Of those reports that were dropped, 48 per cent were said to have insufficient evidence.

Around a tenth (9 per cent) of the 10,711 issues were outside of ASIC’s jurisdiction and 2 per cent of the cases involved no breach or offences.

“Can ASIC please explain why so many complaints are resulting in no further action, 65 per cent seems quite high,” Senator Rennick questioned.

Warren Day, chief operating officer at ASIC responded that there would be a wide range of matters across the 10,711 complaints, which would have no standing.

“They are effectively allegations of misconduct that often don’t have the evidence, or maybe are out of jurisdiction, or may actually be for another regulator, or maybe out of time – whole range of things at play there,” he said.

Further, the complaints add to breach reports from industry. There were 1,174 breach reports from auditors during the 2020-21 year, in addition to 2,435 from Australian Financial Services (AFS) licensees and managed investment schemes and 817 whistleblower disclosures.

Of the auditor and AFS reports, 89 per cent had been analysed and assessed for no further action.

But as Mr Day explained, ASIC has limited resources. There are around 70 to 80 staff dedicated to managing its complaints and they effectively act as a “triage” unit, deciding which matters should be prioritised.

“I think it’s a hard and difficult comparison to say the number of investigations we’ve taken and the number that we’ve completed, against the number of reports of misconduct that we will get from the general public,” Mr Day said.

“Because then on top of that we’ve got the number of breach reports that we get from industry. On top of that again, we’ll get the number of reports that we will get from insolvency practitioners as well.

“And so with ASIC’s resources, we’ve got to decide which of those is the higher priority because we can’t get to everything.”

Mr Day also reported that a number of complaints could involve people within companies with vendettas against each other – at which point ASIC would tell them to seek legal advice and resolve it themselves.

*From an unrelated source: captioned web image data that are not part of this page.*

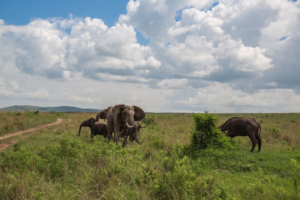 Elephant gores Cape buffalo 9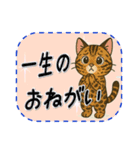 おねがい猫8種類（個別スタンプ：32）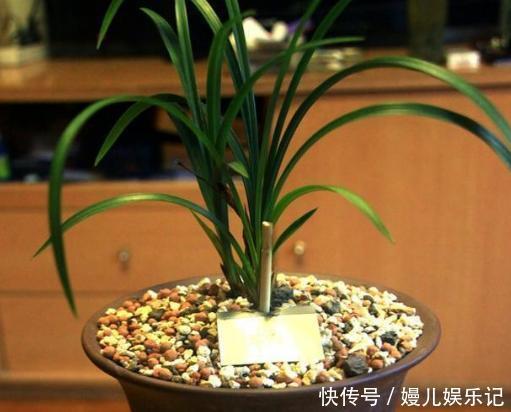 好处|旧筷子、吸管不要扔,插到花盆土里,对植物根好处多多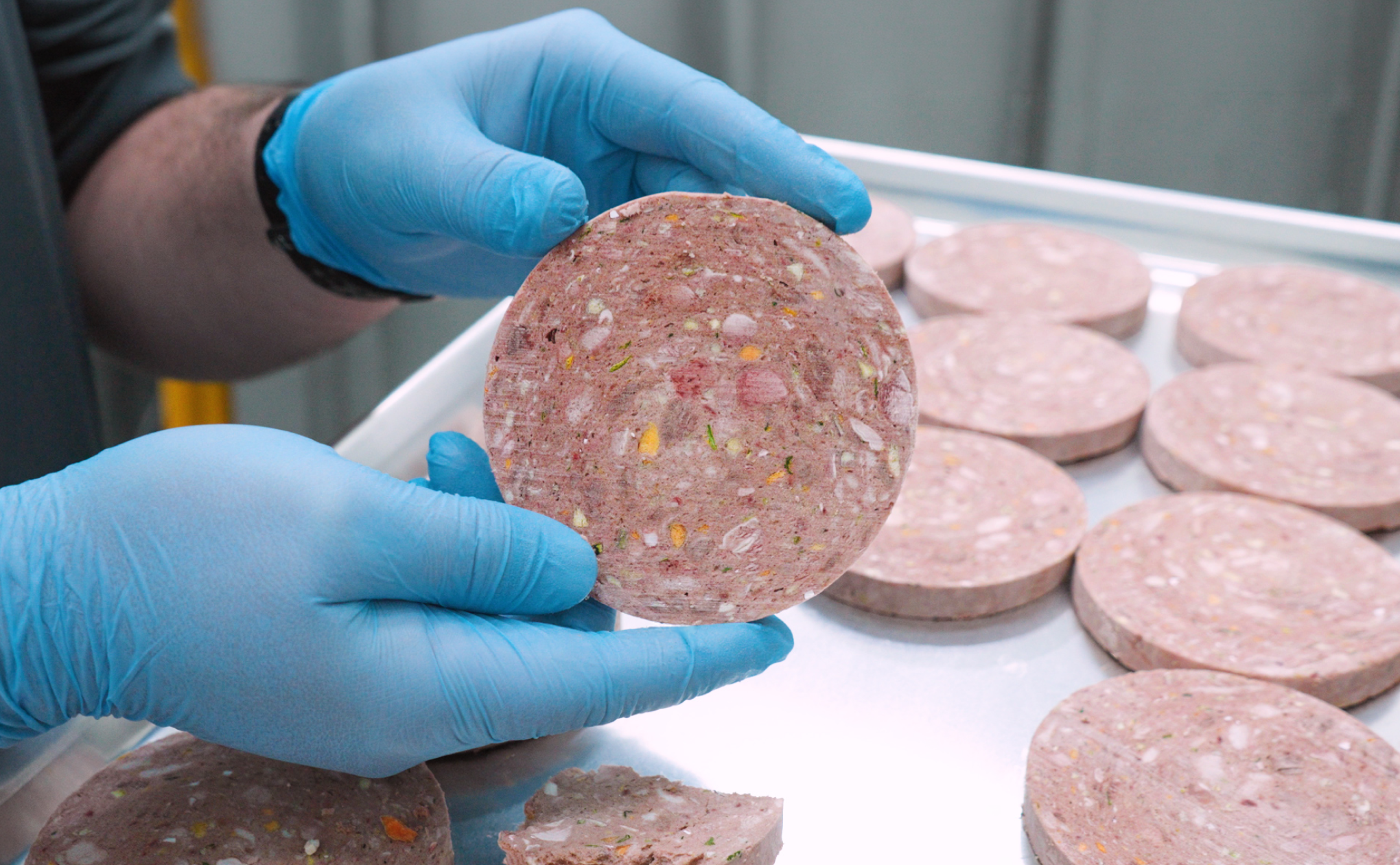 Benefits of Freeze-Dried Food
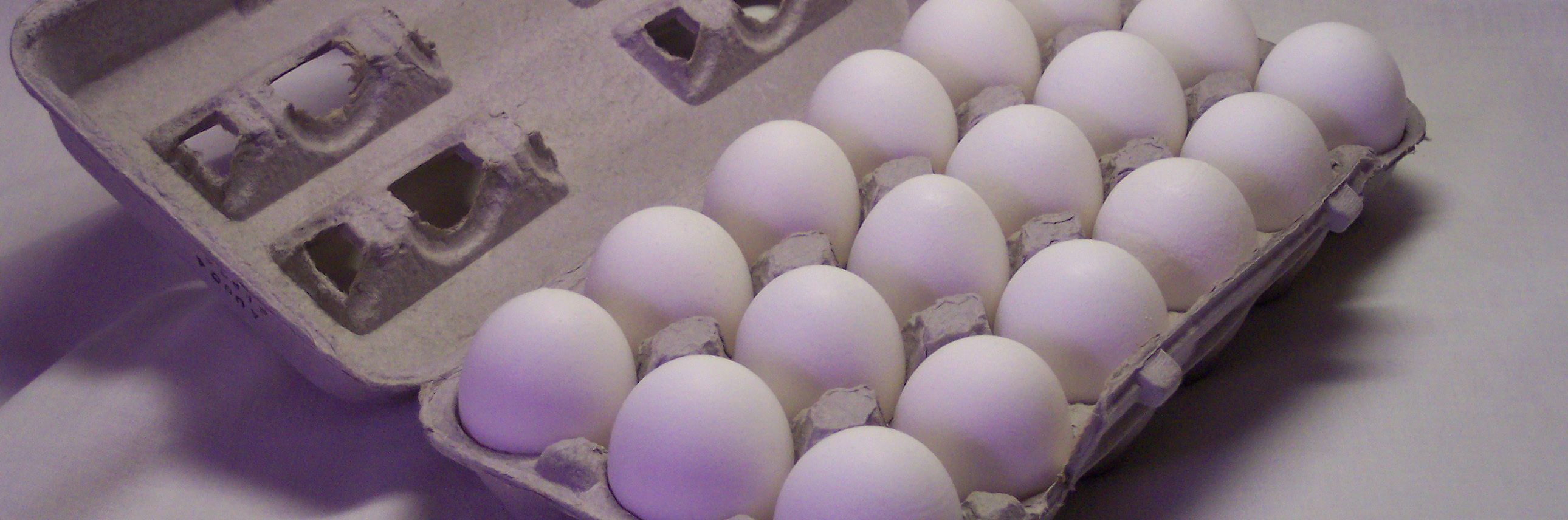 وعده یارانه ۵۰ میلیارد تومانی تنظیم بازار تخم مرغ عملی نشد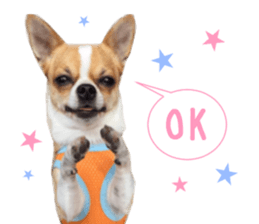 Real DOG Chihuahua sticker #13861067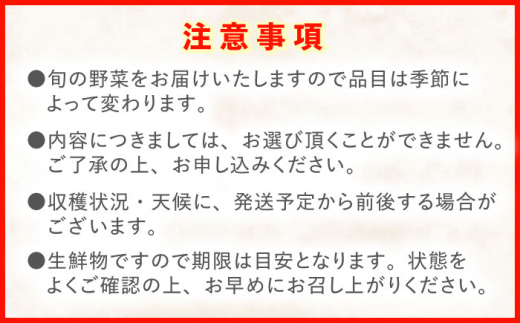 【プレミアム】 野菜 果物 きのこ 詰め合わせ 7〜10品目 旬 新鮮 セット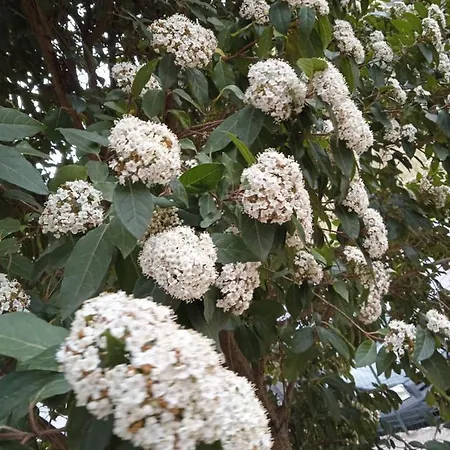 Sotto La Rocca Финале Лигуре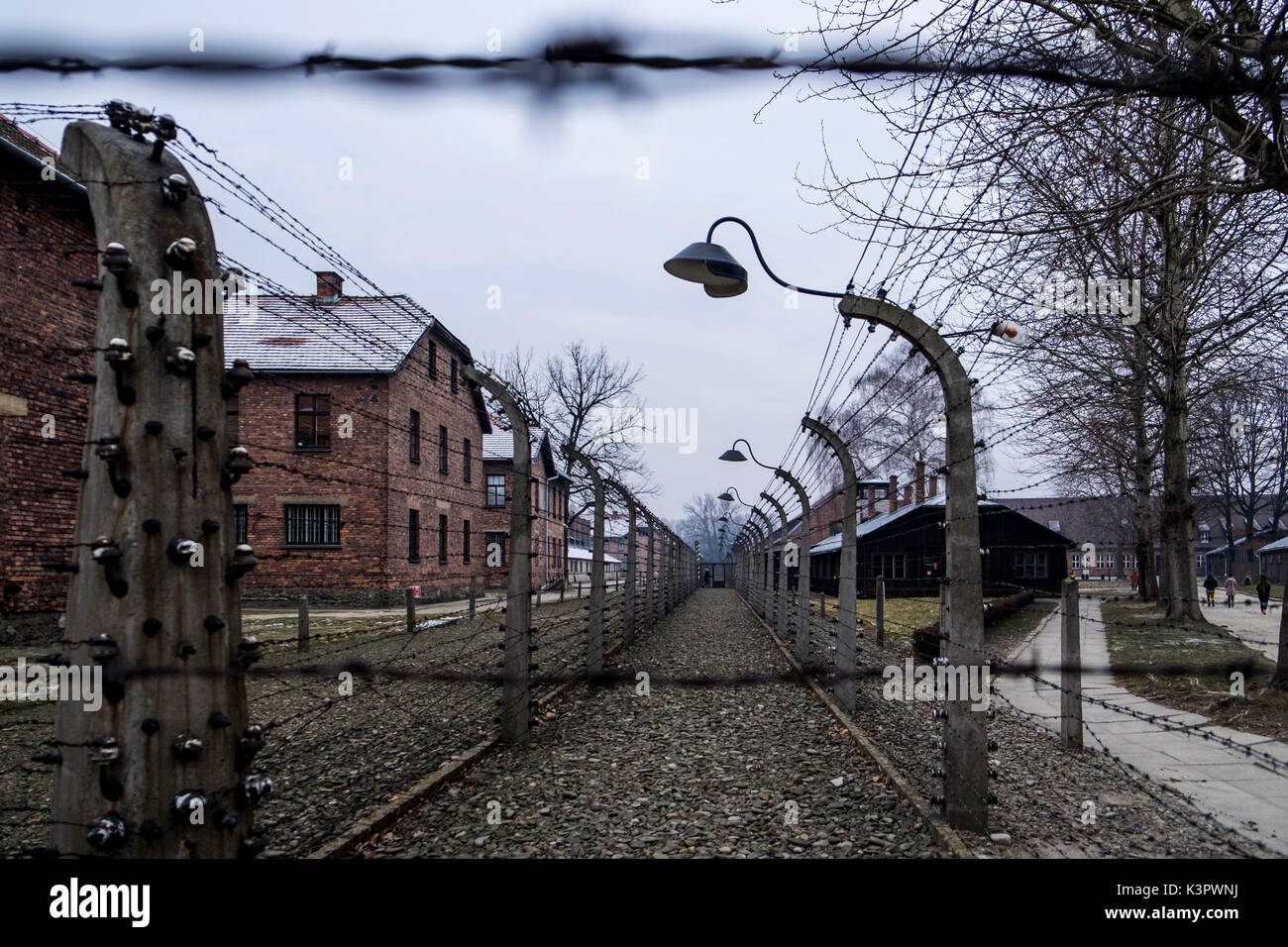 Auschwitz, Birkenau, Oswiecim, Pologne, Brzezinka, au nord-est de l'Europe. Clôture électrique dans l'ancien camp de concentration Nazi. Banque D'Images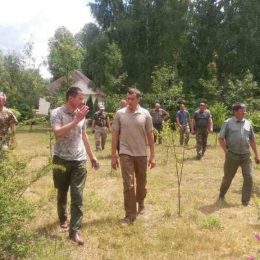 Заготовляти ліс будуть під контролем — в режимі он-лайн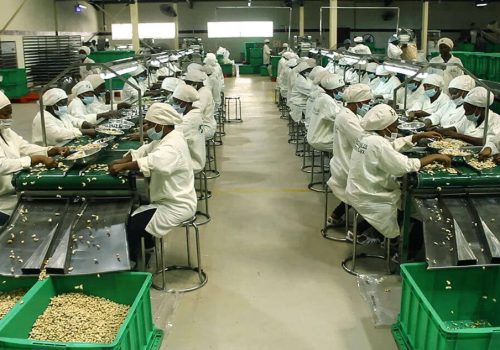 cashew-processing-factory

But Senator Rennick pointed to prior inquiries, including the banking royal commission, which had suggested that ASIC has a “reactive culture” and doesn’t take adequate action in response to corporate misconduct.

“Doesn’t the 2021 annual report suggest that ASIC hasn’t learned any lessons in the past decade?” the senator quizzed.

ASIC chair Joe Longo defended the watchdog, claiming that it was a “misreading of the annual report”.

“Even before I started, ASIC was an active litigator, and a lot of our matters are actually litigated or prompted by our own action,” Mr Longo said.

“I haven’t been asked the last 10 months or so about our approach to enforcement. I think it’s active, targeted, credible. We’re probably one of the most active regulatory litigators in the country.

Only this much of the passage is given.